Setting Up a DMA Transfer

Setting Up a DMA Transfer

There are two issues in preparing a DMA transfer:

calculating physical addresses of the memory targets to be programmed into the device registers
ensuring cache coherency in a uniprocessor

The functions you use to derive target addresses are different for different bus adapters and are discussed in the following chapters:

The functions to set up DMA from a VME device are covered in Chapter 14, "Services for VME Drivers."
The functions to set up DMA from a SCSI device are covered in Chapter 15, "SCSI Device Drivers."
The functions to set up DMA from an EISA device are covered in Chapter 17, "EISA Device Drivers."
The functions to set up DMA from a GIO device are covered in Chapter 18, "GIO Device Drivers."

Note: In addition, when designing a device driver for use in a Challenge or Onyx system, be sure to read the caution in Appendix B, "Challenge DMA with Multiple IO4 Boards."

Converting Physical Addresses

General functions for calculating physical addresses are summarized in Table 9-12.

Functions Related to Physical Memory
Function Name Header Files Can Sleep? Purpose
kvtophys(D3) ddi.h N Get physical address of kernel data
sgset(D3) ddi.h & sg.h N Get physical addresses of a series of pages for simulated scatter/gather.

Functions Related to Physical Memory
Function Name	Header Files	Can Sleep?	Purpose
kvtophys(D3)	ddi.h	N	Get physical address of kernel data
sgset(D3)	ddi.h & sg.h	N	Get physical addresses of a series of pages for simulated scatter/gather.

Managing Buffer Virtual Addresses

Functions to manipulate buffer page mappings are summarized in Table 9-13.

Functions to Map Buffer Pages
Function Name Header Files Can Sleep? Purpose
bp_mapin(D3) buf.h Y Map buffer pages into kernel virtual address space.
bp_mapout(D3) buf.h N Release mapping of buffer pages.
bptophys(D3) ddi.h N Get physical address of buffer data.
clrbuf(D3) buf.h N Clear the memory described by a mapped-in buf_t.
getnextpg(D3) buf.h N Return pfdat structure for next page.
pptophys(D3) buf.h N Return the physical address of a page described by a pfdat structure.

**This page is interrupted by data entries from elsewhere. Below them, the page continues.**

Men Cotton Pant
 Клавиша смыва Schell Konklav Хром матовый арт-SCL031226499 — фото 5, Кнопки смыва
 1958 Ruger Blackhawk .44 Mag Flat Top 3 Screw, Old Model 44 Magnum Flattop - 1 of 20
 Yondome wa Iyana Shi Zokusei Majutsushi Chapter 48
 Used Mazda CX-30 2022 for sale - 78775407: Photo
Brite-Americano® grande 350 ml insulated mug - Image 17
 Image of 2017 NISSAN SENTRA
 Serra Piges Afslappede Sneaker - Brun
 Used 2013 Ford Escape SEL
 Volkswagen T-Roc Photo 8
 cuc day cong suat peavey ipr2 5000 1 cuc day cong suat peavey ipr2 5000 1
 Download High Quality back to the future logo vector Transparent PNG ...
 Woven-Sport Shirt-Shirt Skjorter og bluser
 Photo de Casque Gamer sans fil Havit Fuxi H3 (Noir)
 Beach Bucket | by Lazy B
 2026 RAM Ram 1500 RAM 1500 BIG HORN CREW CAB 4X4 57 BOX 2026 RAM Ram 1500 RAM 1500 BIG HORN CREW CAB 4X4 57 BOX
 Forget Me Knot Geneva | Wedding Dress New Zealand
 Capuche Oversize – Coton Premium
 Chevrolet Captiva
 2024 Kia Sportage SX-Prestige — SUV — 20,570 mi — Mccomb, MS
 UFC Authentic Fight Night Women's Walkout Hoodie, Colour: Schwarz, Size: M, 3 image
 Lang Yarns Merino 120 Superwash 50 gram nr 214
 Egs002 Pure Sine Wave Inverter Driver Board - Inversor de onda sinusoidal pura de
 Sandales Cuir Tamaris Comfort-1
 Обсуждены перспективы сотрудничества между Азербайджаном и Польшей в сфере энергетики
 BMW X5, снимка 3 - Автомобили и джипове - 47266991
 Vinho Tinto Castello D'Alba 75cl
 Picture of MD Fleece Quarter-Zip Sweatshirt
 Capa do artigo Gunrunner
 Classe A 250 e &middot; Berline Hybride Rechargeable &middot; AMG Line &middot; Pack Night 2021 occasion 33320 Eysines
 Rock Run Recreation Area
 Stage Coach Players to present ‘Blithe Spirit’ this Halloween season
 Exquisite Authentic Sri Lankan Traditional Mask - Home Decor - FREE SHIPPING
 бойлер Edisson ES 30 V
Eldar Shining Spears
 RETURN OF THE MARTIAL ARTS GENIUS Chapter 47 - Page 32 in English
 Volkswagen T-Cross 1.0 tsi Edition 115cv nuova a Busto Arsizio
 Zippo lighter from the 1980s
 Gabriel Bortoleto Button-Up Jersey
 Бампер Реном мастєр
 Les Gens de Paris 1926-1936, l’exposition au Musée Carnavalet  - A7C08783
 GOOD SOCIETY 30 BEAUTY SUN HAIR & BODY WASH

Functions to Map Buffer Pages
Function Name	Header Files	Can Sleep?	Purpose
bp_mapin(D3)	buf.h	Y	Map buffer pages into kernel virtual address space.
bp_mapout(D3)	buf.h	N	Release mapping of buffer pages.
bptophys(D3)	ddi.h	N	Get physical address of buffer data.
clrbuf(D3)	buf.h	N	Clear the memory described by a mapped-in buf_t.
getnextpg(D3)	buf.h	N	Return pfdat structure for next page.
pptophys(D3)	buf.h	N	Return the physical address of a page described by a pfdat structure.

When a pfxstrategy() routine receives a buf_t that is not mapped into memory (see "Buffer Location and b_flags"), it must make sure that the pages of the buffer space are in memory, and it must obtain valid kernel virtual addresses to describe the pages. The simplest way is to apply the bp_mapin() function to the buf_t. This function allocates a contiguous range of page table entries in the kernel address space to describe the buffer, creating a mapping of the buffer pages to a contiguous range of kernel virtual addresses. It sets the virtual address of the first data byte in b_un.b_addr, and sets the flags so that BP_ISMAPPED() returns true--thus converting an unmapped buffer to a mapped case.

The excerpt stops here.